Scott Brady: That just kind of done. They are and in, and it is. I’ve always liked to describe it as kind of an amalgamation or a modern. The modern opportunity to have looked at all of the great things about the 70 Series Land Cruiser, all of the great things about the G-Wagon, all of the great and charming things about a classic defender, and you kind of put those all together and you end up with that vehicle. But it’s in 2023. We’re looking at a brand new vehicle with all of the modern safety features and then all of the learnings that’s happened over that period of time when the G-Wagon was first designed in the early seventies or late seventies, I suppose. That was a different time, and now that same [00:12:00] engineering group had the opportunity to design the equivalent.
Matt Scott: Yep. Because the G-Wagon’s gone a totally different pathway.
Scott Brady: It has.
Matt Scott: I think they’re awesome.
Scott Brady: They’re awesome, but.
Matt Scott: Realistically, they’re like 150 grand these days. We can now get the professional pack, but it’s a 22 or $27,000 option for a roof rack?
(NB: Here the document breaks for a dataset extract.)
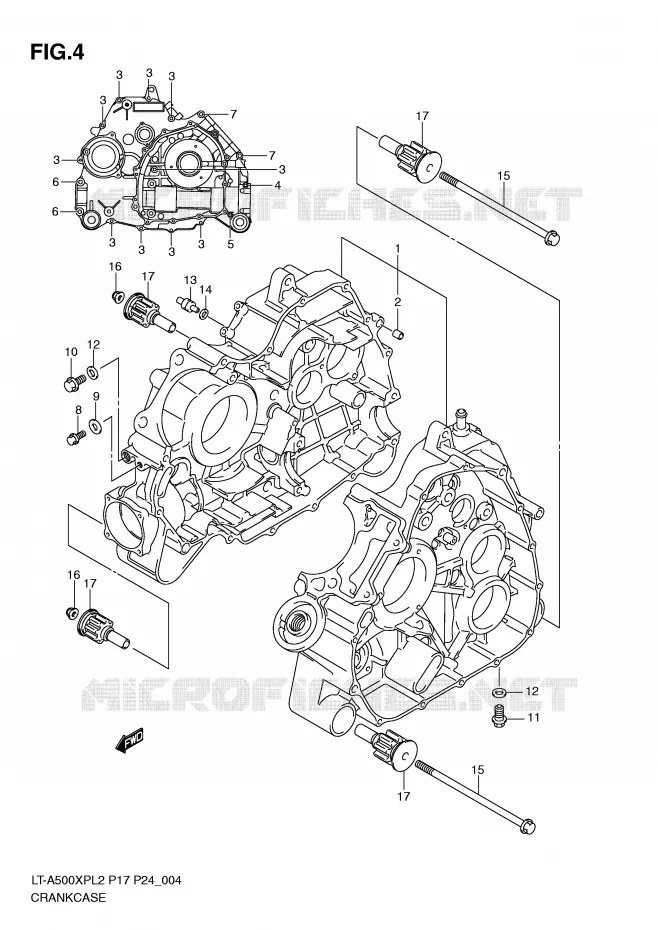 CASING Suzuki QUAD 500 KINGQUAD 2012  LT-A500XPL2(P17)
You know, like that’s where the grenadier is really, really appealing.
Scott Brady: Correct. And the Grenadier is less than half of that price. Originally my goal was to get a trial master and there was actually one that was allocated. But they’re like any new car company and every car company today, they’re struggling with getting components with, you know, the infrastructure of getting chips, getting computers, getting motors out of bmw, everything else. So it took some time to get the vehicles available, but the cool thing is, is that they had the global media drive and so they were actually able to pull a car that was low miles and had been through [00:13:00] all the entire, all of the processes. They were actually able to grab that vehicle for me. But that is a field master. So the difference between a field master and a trial master is this dual battery system, and the field master has, well, you can option the battery system on a field master. But this one that I have doesn’t have that. Which I’ll talk about that in a second, why that’s not a concern. But it has this beautiful leather interior. But I’m gonna put Melville and moon seat covers on that. So protect the leather and, and also it’s gonna be a lot more comfortable in the, in the heat of Africa.
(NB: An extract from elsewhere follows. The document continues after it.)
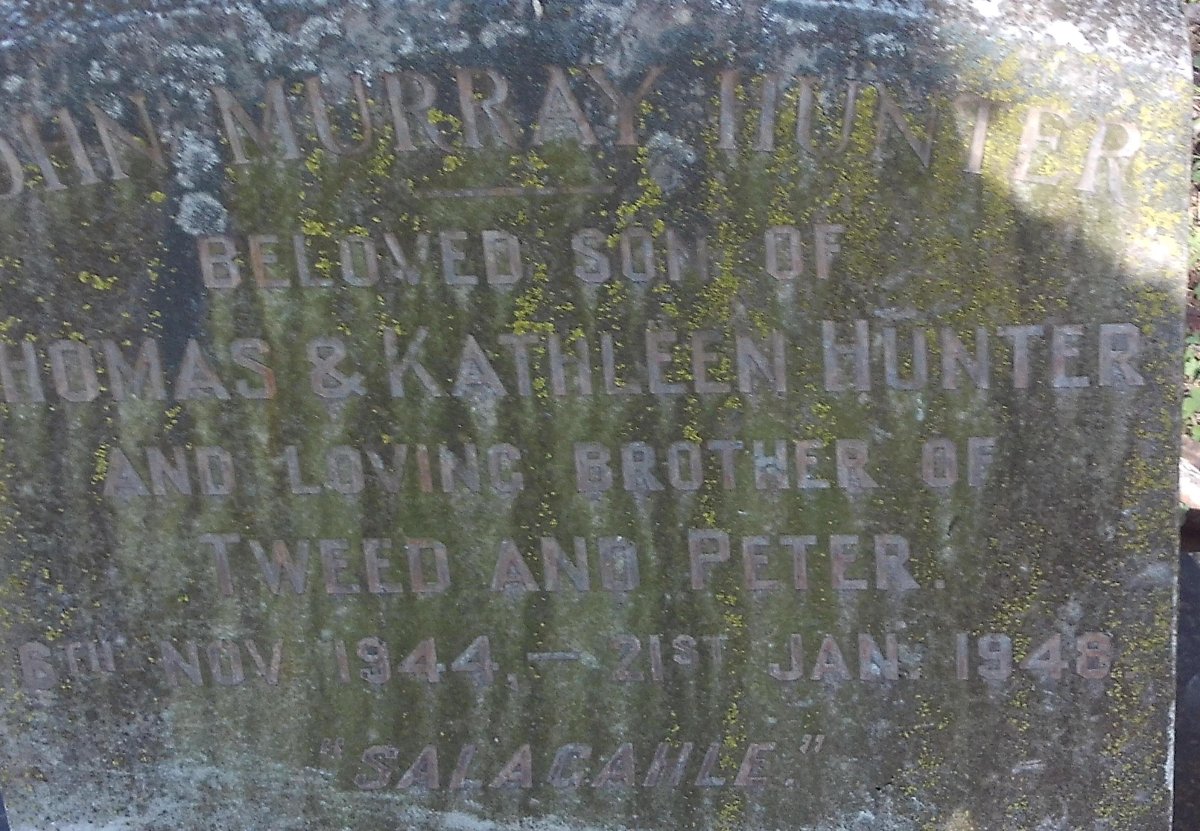 HUNTER John Murray 1944-1948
Matt Scott: It looks more, more fit for purpose.
Scott Brady: For sure. And then it doesn’t have the dual battery system, but we’ve been working with Redarc. We’re gonna install a Redarc DC, DC management system. We’re gonna put in a small lithium ion battery and we’ll be able to, to get the vehicle prepared in South Africa for that. We’re also gonna go with the drawer system in the back, which is gonna give us the opportunity to organize and lock up all of this here.
Matt Scott: And just outta [00:14:00] sight outta mind things.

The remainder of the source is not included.